**** DATA SECTION ****

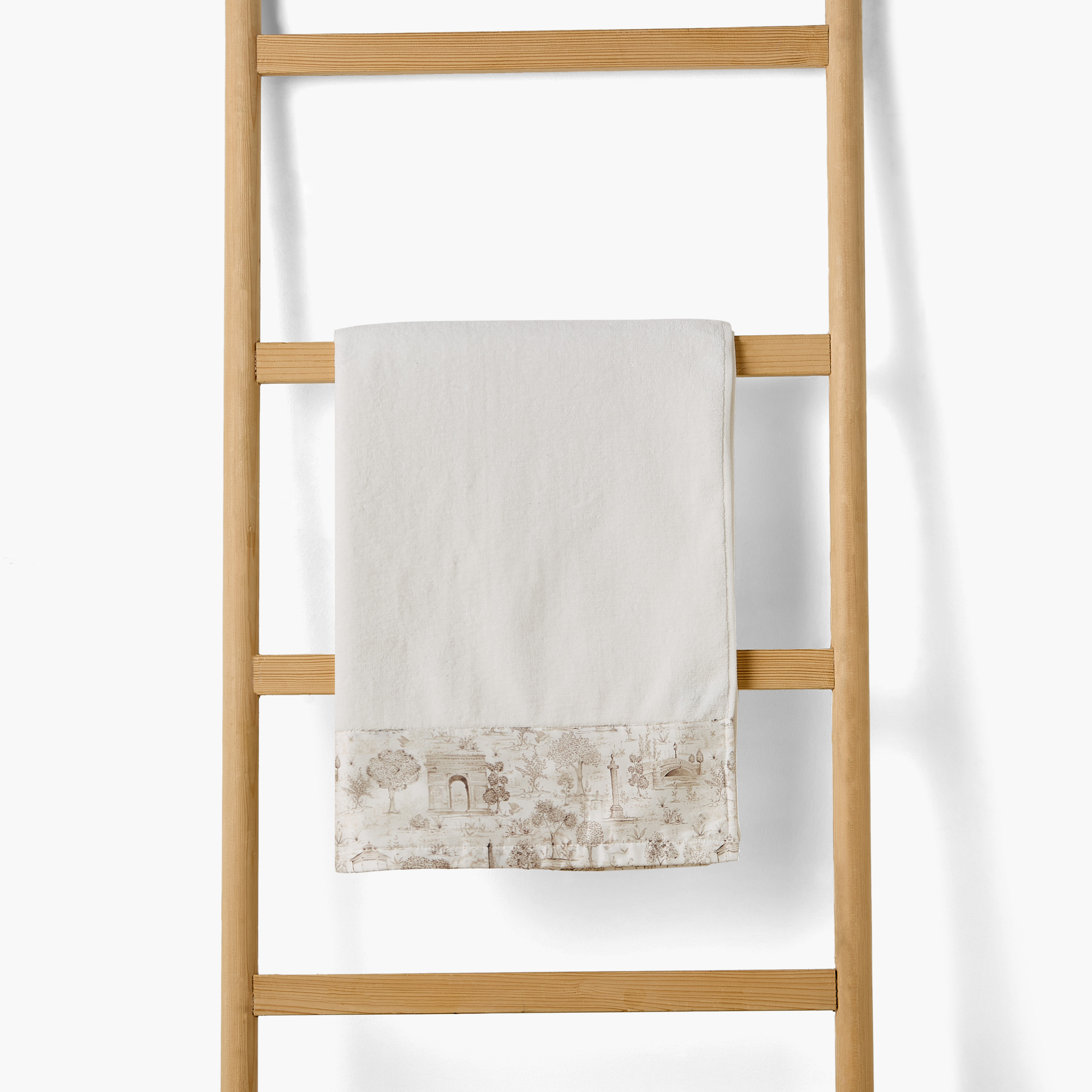 منشفة استحمام قطن من جيجلز-baby-bathandcare-towels-image-2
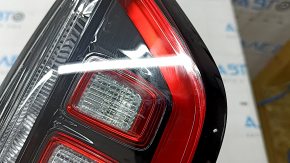 Lampă hayon stânga interioară pentru Jeep Compass 17-26 cu halogen, uzată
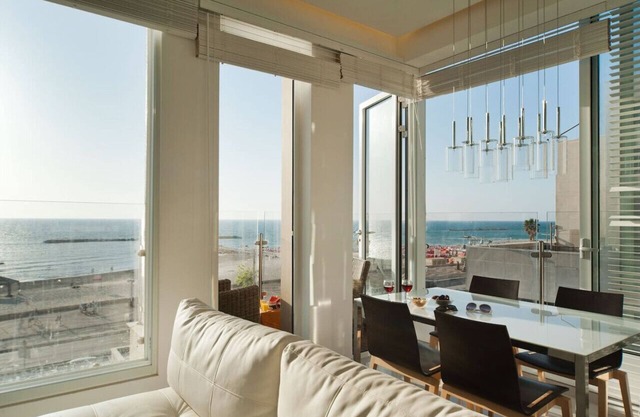 Beach & Sunset Panorama Apartment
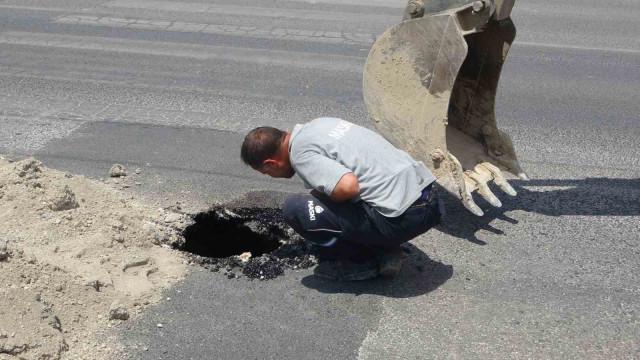 Malatya’da yolda çökme meydana geldi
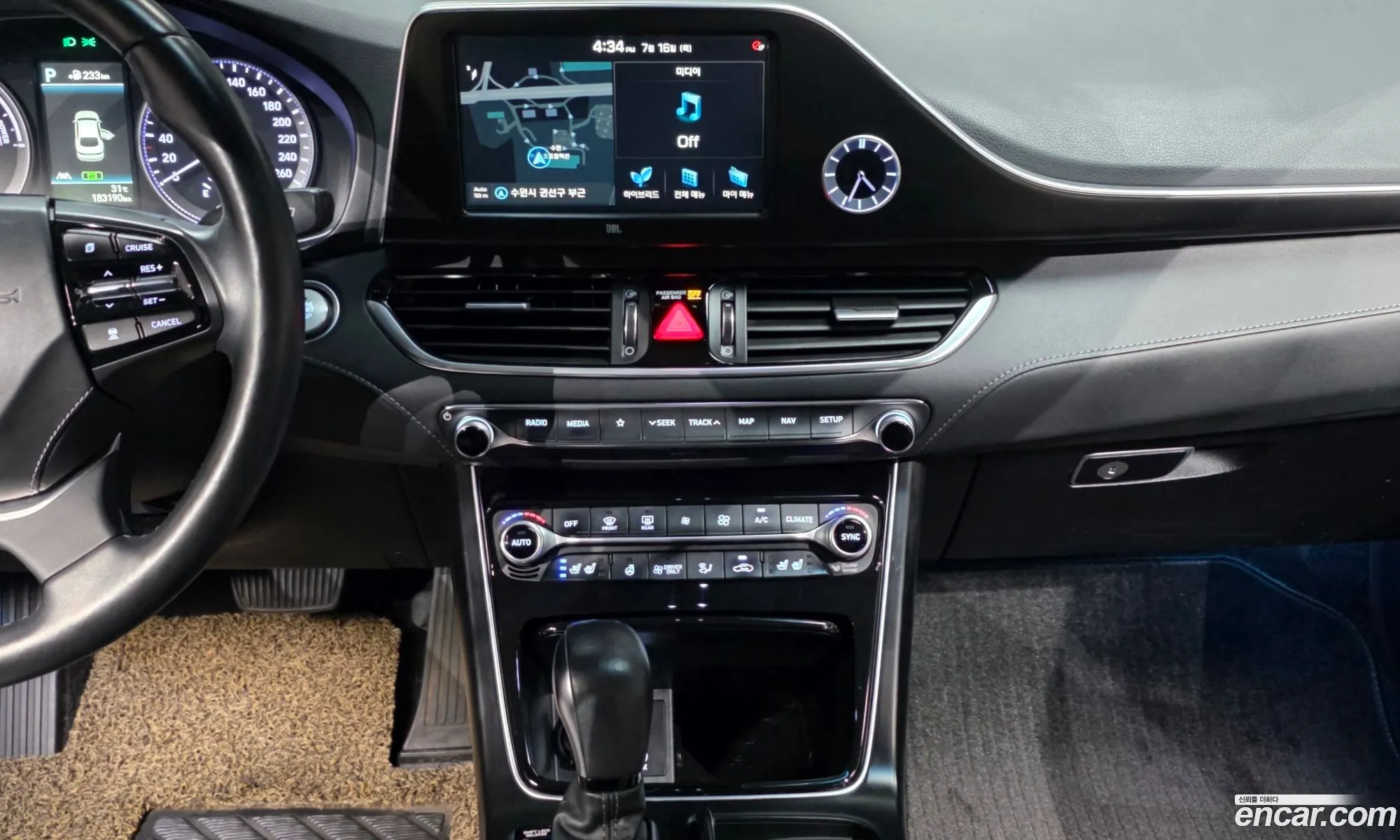 Hyundai Grandeur IG Hybrid 2017 — 17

****

PROBLEM DETAILS: Begin at the line containing "Malatya’da yolda çökme meydana geldi" and stop at the last line of the data. Repeat only those lines, exactly, and leave out the pictures.

EXERCISE RESPONSE:
 Malatya’da yolda çökme meydana geldi
 Hyundai Grandeur IG Hybrid 2017 — 17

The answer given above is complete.